Aquarium Christmas

Winter break last year was miserable. This year, we created a better itinerary to manage a preschooler bored by long days with his middle-aged parents. Last year, boredom (us and him) and sickness (also us and him) were excruciating. This year it will be different.

Our first change was a little trip to Boston to visit the NEAQ. I figured that we would have the aquarium to ourselves since it was so close to Christmas. I took Liev out of school a day early so we could spend two nights at the neighboring Marriott. Typically, Long Wharf is beyond our budget, but the combination of seasonality and remodeling knocked the price down to affordable. This discount tipped the scale for going to Boston. Why stay at an economical but remote Holiday Inn when my getting-lost time would be tripled by bonus Christmas traffic?

Our drive was minimally plagued by route recalculations and GPS echolalia. Good news, but the cold wind and new experience made Liev bawl as the doorman unloaded our luggage. The next hours were a jumble of whining, bossiness, and elevator rides, punctuated by malfunctioning electronics. I brought a portable DVD player since familiar programs lessen his anxiety. However, it could not be hooked up to the TV, which resulted in two service calls.

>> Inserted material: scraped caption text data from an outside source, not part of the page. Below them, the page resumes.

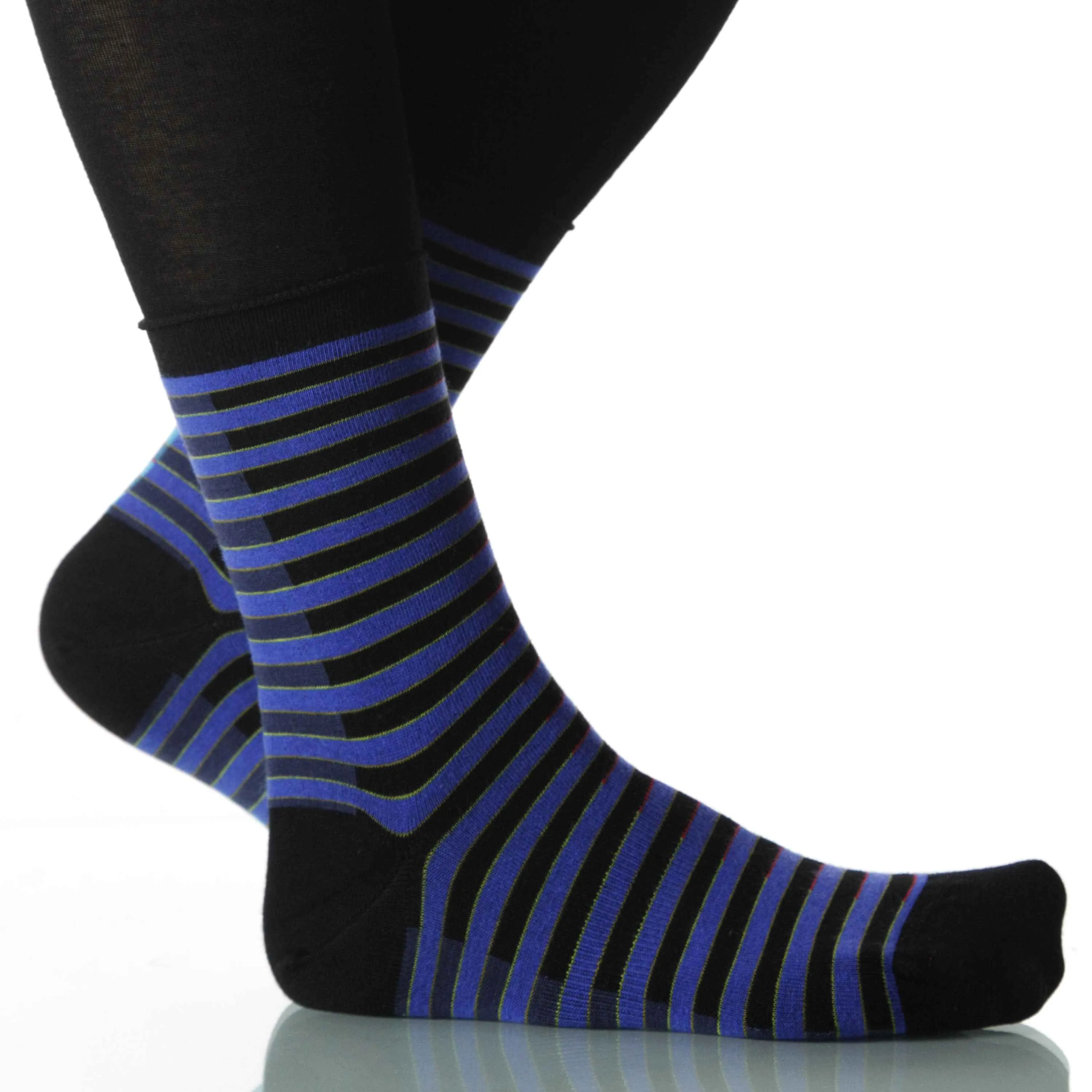 Royal Blue Venetian - Ankle Height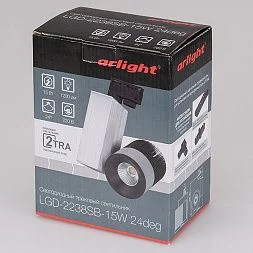 Светодиодный светильник LGD-2238SB-15W Warm White 24deg (Arlight, IP20 Металл, 3 года)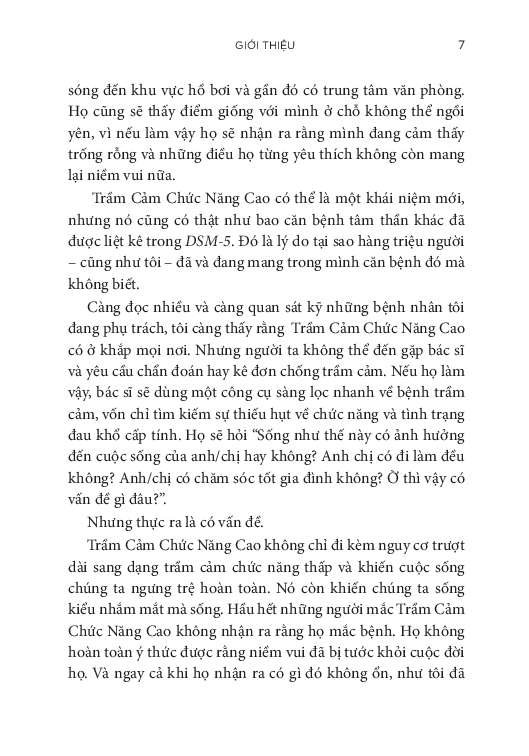 Trầm Cảm Chức Năng Cao - Vượt Qua Trầm Cảm Ẩn Và Tìm Lại Niềm Vui - 
BS. Judith Joseph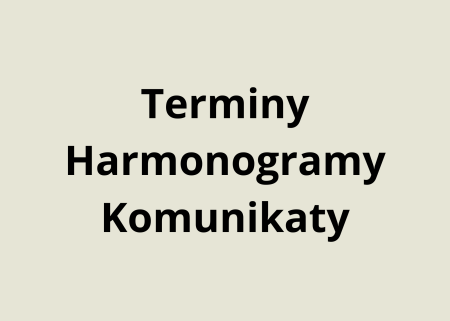 CKE - terminy, harmonogramy ... 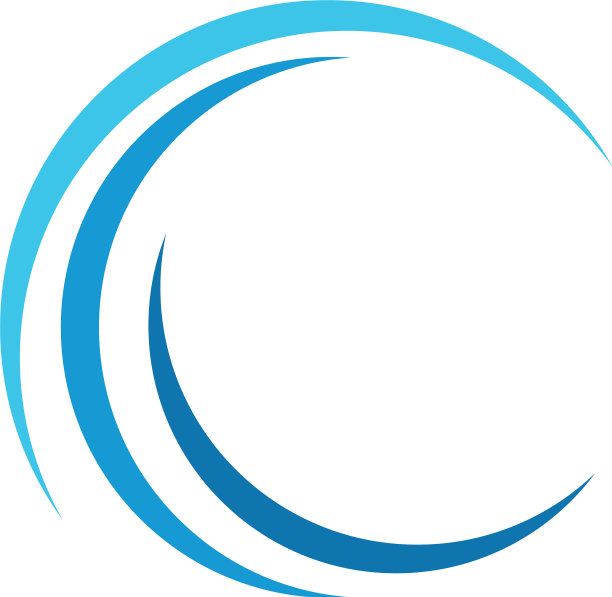 C字母水波图标图片下载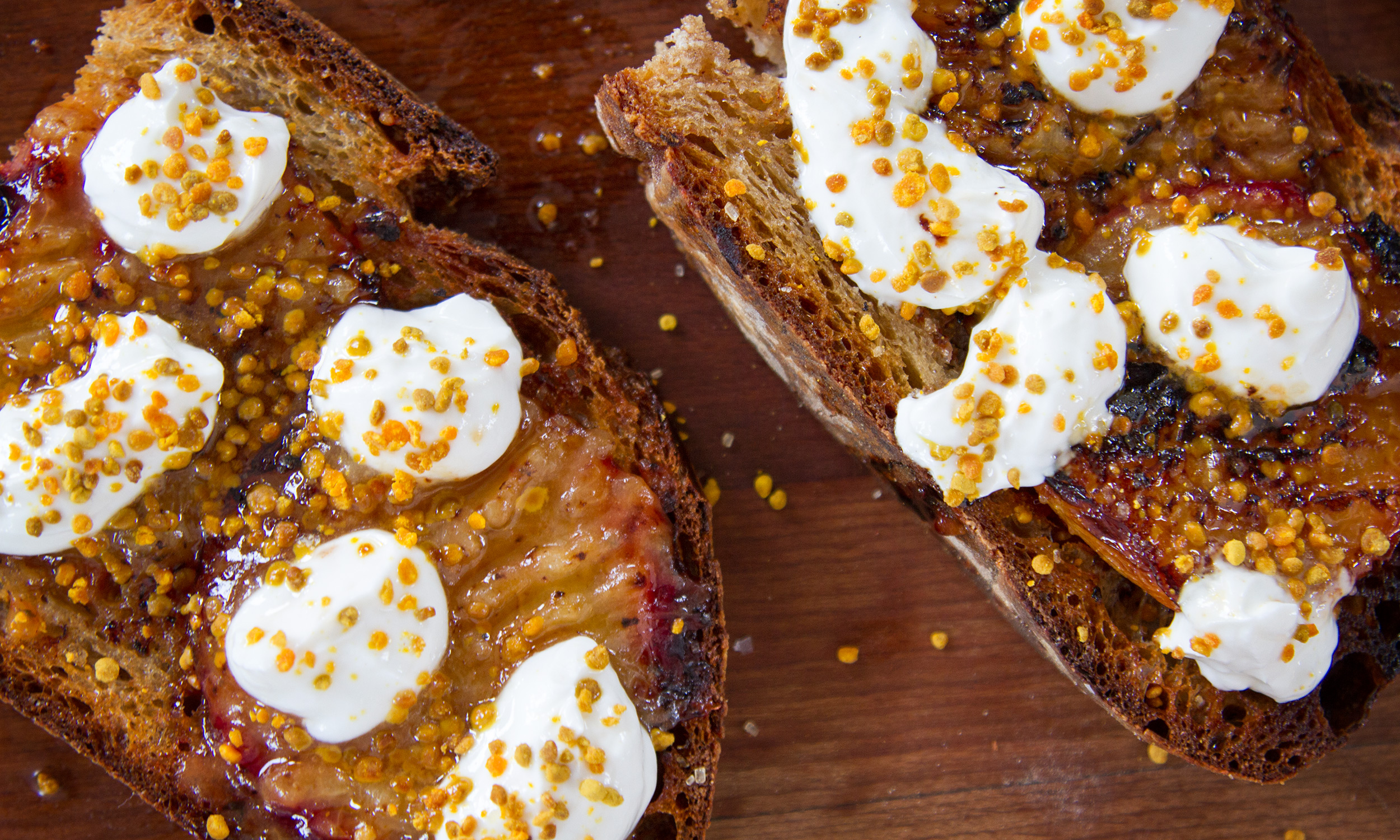 This Roasted Plum Tartine Is Toast with the Absolute Most Extra Crispy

Liev objected to the intrusion so rudely I told the second repairman about Liev’s autism. He gave me a weary smile and said, “My daughter has it too. She’s eight now. It gets better over time.” Judging from his demeanor and grim survey of Liev, the unspoken part of our interchange was, “Why did you bring your son here to come unglued?” I guess my unspoken reply was, “Change of scenery, Buddy.”

Liev settled down after flinging a few DVDs across the room and eating a less than adequate lunch. Soon after, we went to the aquarium and had a blast. Despite the squirming and complaining, he appreciated the aquarium more than in the past.  The fish and penguins delighted him. Jabbering enthusiastically, he ran up and down the central spiral ramp, chirping, “Hi fishy! Look! They’re swimming!” He was so bright active and joyous; I chalked his previous fussing up to nerves. In an hour, he ran out of steam, but our trip was a definite success.